[Problem statement] The task calls for every line of the data to be repeated exactly.

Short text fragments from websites

_____

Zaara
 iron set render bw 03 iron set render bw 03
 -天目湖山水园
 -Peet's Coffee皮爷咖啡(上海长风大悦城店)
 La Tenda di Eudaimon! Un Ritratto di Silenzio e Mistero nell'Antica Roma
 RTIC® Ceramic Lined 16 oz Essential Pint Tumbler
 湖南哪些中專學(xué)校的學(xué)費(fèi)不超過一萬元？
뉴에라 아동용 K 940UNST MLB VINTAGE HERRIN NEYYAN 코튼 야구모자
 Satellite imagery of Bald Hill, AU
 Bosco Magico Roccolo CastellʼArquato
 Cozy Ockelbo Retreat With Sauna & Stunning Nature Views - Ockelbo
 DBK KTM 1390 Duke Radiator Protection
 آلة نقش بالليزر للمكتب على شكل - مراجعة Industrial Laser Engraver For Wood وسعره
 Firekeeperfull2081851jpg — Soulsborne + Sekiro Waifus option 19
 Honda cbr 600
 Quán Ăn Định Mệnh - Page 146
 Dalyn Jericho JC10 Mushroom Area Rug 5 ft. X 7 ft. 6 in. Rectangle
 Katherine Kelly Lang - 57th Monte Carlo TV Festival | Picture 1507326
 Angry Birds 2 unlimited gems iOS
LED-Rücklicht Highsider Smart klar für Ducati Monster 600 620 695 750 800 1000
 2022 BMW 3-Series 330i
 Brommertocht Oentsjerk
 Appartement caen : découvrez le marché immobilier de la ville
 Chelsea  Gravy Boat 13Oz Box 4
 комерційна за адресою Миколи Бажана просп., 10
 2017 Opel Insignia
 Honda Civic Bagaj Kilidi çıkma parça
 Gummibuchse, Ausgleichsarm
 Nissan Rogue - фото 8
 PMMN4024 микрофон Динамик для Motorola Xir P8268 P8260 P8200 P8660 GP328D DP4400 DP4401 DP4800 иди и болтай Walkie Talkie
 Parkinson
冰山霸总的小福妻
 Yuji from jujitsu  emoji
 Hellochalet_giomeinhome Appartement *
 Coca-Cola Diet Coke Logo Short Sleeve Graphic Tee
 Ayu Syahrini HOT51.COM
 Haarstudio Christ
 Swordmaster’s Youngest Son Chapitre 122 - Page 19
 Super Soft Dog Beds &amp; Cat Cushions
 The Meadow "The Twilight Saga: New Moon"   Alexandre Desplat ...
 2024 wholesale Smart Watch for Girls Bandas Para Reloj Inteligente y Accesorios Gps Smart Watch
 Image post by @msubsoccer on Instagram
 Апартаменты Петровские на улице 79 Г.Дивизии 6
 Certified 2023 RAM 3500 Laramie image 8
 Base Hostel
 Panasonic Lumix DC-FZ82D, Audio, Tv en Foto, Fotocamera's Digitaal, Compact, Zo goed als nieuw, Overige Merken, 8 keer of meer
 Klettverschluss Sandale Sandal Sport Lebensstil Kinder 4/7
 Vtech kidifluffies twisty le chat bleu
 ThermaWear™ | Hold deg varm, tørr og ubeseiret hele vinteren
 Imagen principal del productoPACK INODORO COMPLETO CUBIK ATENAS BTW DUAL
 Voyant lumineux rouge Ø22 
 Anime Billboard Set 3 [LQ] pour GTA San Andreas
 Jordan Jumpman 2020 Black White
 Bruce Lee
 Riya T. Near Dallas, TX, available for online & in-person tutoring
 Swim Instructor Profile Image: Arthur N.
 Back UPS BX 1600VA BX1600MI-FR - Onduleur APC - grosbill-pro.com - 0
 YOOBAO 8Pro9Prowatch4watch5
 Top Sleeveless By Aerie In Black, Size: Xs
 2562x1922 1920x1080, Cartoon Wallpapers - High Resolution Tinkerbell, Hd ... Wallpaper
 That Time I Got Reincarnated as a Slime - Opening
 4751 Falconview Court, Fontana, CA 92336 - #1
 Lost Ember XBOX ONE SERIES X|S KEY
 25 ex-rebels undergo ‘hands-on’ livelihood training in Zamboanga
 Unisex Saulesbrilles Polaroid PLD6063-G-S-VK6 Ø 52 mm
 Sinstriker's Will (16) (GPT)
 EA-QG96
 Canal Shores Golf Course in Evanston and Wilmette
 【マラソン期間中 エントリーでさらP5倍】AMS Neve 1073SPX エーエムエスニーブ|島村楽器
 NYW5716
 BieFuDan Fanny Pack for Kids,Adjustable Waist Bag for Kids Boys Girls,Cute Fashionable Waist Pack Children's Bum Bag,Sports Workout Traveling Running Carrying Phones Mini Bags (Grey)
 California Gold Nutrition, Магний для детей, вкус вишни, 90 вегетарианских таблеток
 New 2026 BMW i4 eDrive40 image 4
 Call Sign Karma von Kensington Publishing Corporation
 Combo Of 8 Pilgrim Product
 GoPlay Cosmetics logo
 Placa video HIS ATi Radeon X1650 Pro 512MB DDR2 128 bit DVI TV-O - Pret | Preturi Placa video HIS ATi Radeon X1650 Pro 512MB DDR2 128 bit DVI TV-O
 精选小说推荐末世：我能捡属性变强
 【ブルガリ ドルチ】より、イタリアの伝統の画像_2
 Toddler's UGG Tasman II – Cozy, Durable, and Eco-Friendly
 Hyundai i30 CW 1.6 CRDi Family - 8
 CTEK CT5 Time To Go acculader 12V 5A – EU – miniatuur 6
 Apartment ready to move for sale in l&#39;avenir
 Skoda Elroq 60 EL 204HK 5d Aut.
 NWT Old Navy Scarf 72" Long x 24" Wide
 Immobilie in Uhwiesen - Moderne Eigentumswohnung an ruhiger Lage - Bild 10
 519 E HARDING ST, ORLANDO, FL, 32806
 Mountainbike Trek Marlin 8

_____

[Expected output]
Zaara
 iron set render bw 03 iron set render bw 03
 -天目湖山水园
 -Peet's Coffee皮爷咖啡(上海长风大悦城店)
 La Tenda di Eudaimon! Un Ritratto di Silenzio e Mistero nell'Antica Roma
 RTIC® Ceramic Lined 16 oz Essential Pint Tumbler
 湖南哪些中專學(xué)校的學(xué)費(fèi)不超過一萬元？
뉴에라 아동용 K 940UNST MLB VINTAGE HERRIN NEYYAN 코튼 야구모자
 Satellite imagery of Bald Hill, AU
 Bosco Magico Roccolo CastellʼArquato
 Cozy Ockelbo Retreat With Sauna & Stunning Nature Views - Ockelbo
 DBK KTM 1390 Duke Radiator Protection
 آلة نقش بالليزر للمكتب على شكل - مراجعة Industrial Laser Engraver For Wood وسعره
 Firekeeperfull2081851jpg — Soulsborne + Sekiro Waifus option 19
 Honda cbr 600
 Quán Ăn Định Mệnh - Page 146
 Dalyn Jericho JC10 Mushroom Area Rug 5 ft. X 7 ft. 6 in. Rectangle
 Katherine Kelly Lang - 57th Monte Carlo TV Festival | Picture 1507326
 Angry Birds 2 unlimited gems iOS
LED-Rücklicht Highsider Smart klar für Ducati Monster 600 620 695 750 800 1000
 2022 BMW 3-Series 330i
 Brommertocht Oentsjerk
 Appartement caen : découvrez le marché immobilier de la ville
 Chelsea  Gravy Boat 13Oz Box 4
 комерційна за адресою Миколи Бажана просп., 10
 2017 Opel Insignia
 Honda Civic Bagaj Kilidi çıkma parça
 Gummibuchse, Ausgleichsarm
 Nissan Rogue - фото 8
 PMMN4024 микрофон Динамик для Motorola Xir P8268 P8260 P8200 P8660 GP328D DP4400 DP4401 DP4800 иди и болтай Walkie Talkie
 Parkinson
冰山霸总的小福妻
 Yuji from jujitsu  emoji
 Hellochalet_giomeinhome Appartement *
 Coca-Cola Diet Coke Logo Short Sleeve Graphic Tee
 Ayu Syahrini HOT51.COM
 Haarstudio Christ
 Swordmaster’s Youngest Son Chapitre 122 - Page 19
 Super Soft Dog Beds &amp; Cat Cushions
 The Meadow "The Twilight Saga: New Moon"   Alexandre Desplat ...
 2024 wholesale Smart Watch for Girls Bandas Para Reloj Inteligente y Accesorios Gps Smart Watch
 Image post by @msubsoccer on Instagram
 Апартаменты Петровские на улице 79 Г.Дивизии 6
 Certified 2023 RAM 3500 Laramie image 8
 Base Hostel
 Panasonic Lumix DC-FZ82D, Audio, Tv en Foto, Fotocamera's Digitaal, Compact, Zo goed als nieuw, Overige Merken, 8 keer of meer
 Klettverschluss Sandale Sandal Sport Lebensstil Kinder 4/7
 Vtech kidifluffies twisty le chat bleu
 ThermaWear™ | Hold deg varm, tørr og ubeseiret hele vinteren
 Imagen principal del productoPACK INODORO COMPLETO CUBIK ATENAS BTW DUAL
 Voyant lumineux rouge Ø22 
 Anime Billboard Set 3 [LQ] pour GTA San Andreas
 Jordan Jumpman 2020 Black White
 Bruce Lee
 Riya T. Near Dallas, TX, available for online & in-person tutoring
 Swim Instructor Profile Image: Arthur N.
 Back UPS BX 1600VA BX1600MI-FR - Onduleur APC - grosbill-pro.com - 0
 YOOBAO 8Pro9Prowatch4watch5
 Top Sleeveless By Aerie In Black, Size: Xs
 2562x1922 1920x1080, Cartoon Wallpapers - High Resolution Tinkerbell, Hd ... Wallpaper
 That Time I Got Reincarnated as a Slime - Opening
 4751 Falconview Court, Fontana, CA 92336 - #1
 Lost Ember XBOX ONE SERIES X|S KEY
 25 ex-rebels undergo ‘hands-on’ livelihood training in Zamboanga
 Unisex Saulesbrilles Polaroid PLD6063-G-S-VK6 Ø 52 mm
 Sinstriker's Will (16) (GPT)
 EA-QG96
 Canal Shores Golf Course in Evanston and Wilmette
 【マラソン期間中 エントリーでさらP5倍】AMS Neve 1073SPX エーエムエスニーブ|島村楽器
 NYW5716
 BieFuDan Fanny Pack for Kids,Adjustable Waist Bag for Kids Boys Girls,Cute Fashionable Waist Pack Children's Bum Bag,Sports Workout Traveling Running Carrying Phones Mini Bags (Grey)
 California Gold Nutrition, Магний для детей, вкус вишни, 90 вегетарианских таблеток
 New 2026 BMW i4 eDrive40 image 4
 Call Sign Karma von Kensington Publishing Corporation
 Combo Of 8 Pilgrim Product
 GoPlay Cosmetics logo
 Placa video HIS ATi Radeon X1650 Pro 512MB DDR2 128 bit DVI TV-O - Pret | Preturi Placa video HIS ATi Radeon X1650 Pro 512MB DDR2 128 bit DVI TV-O
 精选小说推荐末世：我能捡属性变强
 【ブルガリ ドルチ】より、イタリアの伝統の画像_2
 Toddler's UGG Tasman II – Cozy, Durable, and Eco-Friendly
 Hyundai i30 CW 1.6 CRDi Family - 8
 CTEK CT5 Time To Go acculader 12V 5A – EU – miniatuur 6
 Apartment ready to move for sale in l&#39;avenir
 Skoda Elroq 60 EL 204HK 5d Aut.
 NWT Old Navy Scarf 72" Long x 24" Wide
 Immobilie in Uhwiesen - Moderne Eigentumswohnung an ruhiger Lage - Bild 10
 519 E HARDING ST, ORLANDO, FL, 32806
 Mountainbike Trek Marlin 8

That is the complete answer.